By Paul Nicholson in New York
November 5 – The pay equity issue between men and women’s football could be solved by making the women’s game a much bigger business, said Sunil Gulati, president of the US Soccer Federations (USSF) and a FIFA executive committee member.
Interviewed by US political commentator James Carville at the Securing Sport 2015 conference in New York, Gulati said that there needed to be more women representation in the higher levels of the administration of the sport and that generally in the women’s game the US has been a leader.
The debate over pay equity ignited at the Women’s World Cup this year in Canada where the US women’s team won $2 million for becoming world champions, compared to the $35 million won by the German men in Brazil in 2014.
“We all understand the years of discussion regarding women and this issue. The US has been leaders in getting resources to the grassroots to allow participation,” said Gulati. “Title 9 helped get to the source of the problem which is participation. More resources were key,” said Gulati.
But he also said that more women need to make it up the administration ladder. “There needs to be more representation in the leadership. 30% (female) participation in the corporate boardroom changes the dynamic for the better,” he said.
The numbers of females in top positions at FIFA is nowhere near that level, though Gulati said it is better in the USSF. In looking for solutions to the pay equity issue, Gulati said there is a “need to make it a bigger business”. In the US women’s football already is a big business with 40-45% of registered players in the US girls.
Carville missed a major opportunity with a currently press shy Gulati to really question an insider on what is happening within the crisis-hit FIFA organisation and the reforming CONCACAF, and where his current thinking was as regards to the upcoming FIFA presidential elections.
As regards FIFA, Gulati did say that while “the last five months have been a very difficult period, the game itself goes on very successfully…the institutions have difficulty and we have endangered everything. Even other sports are telling us we need to straighten this out as it is impacting on them.”
Asked about the relationship between politics and sport which FIFA maintains must be kept separate, Gulati said that “to believe politics doesn’t have a role is absolutely nonsensical…the intersection between sports and politics is absolutely there. You can’t think about putting on a major event without government.” But he did say that he was “not sure the requests made of government were entirely realistic.”

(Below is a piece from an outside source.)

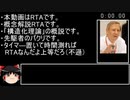 社会学概念解説RTA 「ギデンズ・構造化理論」 5分18秒56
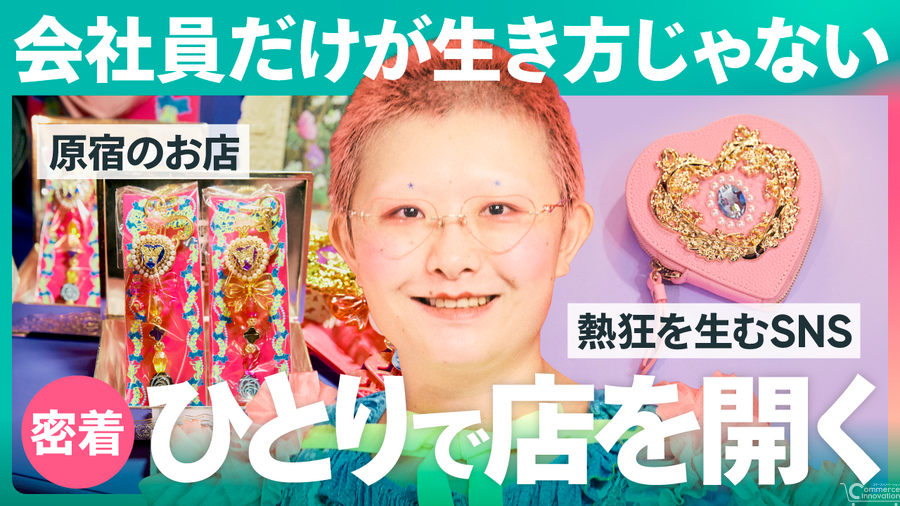 BASE公式YouTube「ECのカクシゴト」、総再生回数700万回を突破　ショップオーナーの1日に密着した動画が好評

On FIFA transparency Gulati’s response was that “we’re working on it”. Referring to World Cup bidding he said that there need to be tighter rules, more transparency in the vote (FIFA World Cups will now be voted on by the entire 209 member congress), “and technical standards that actually mean something.”
It was a lack of transparency and suspected corruption within the World Cup bidding process that ignited the integrity crisis within FIFA.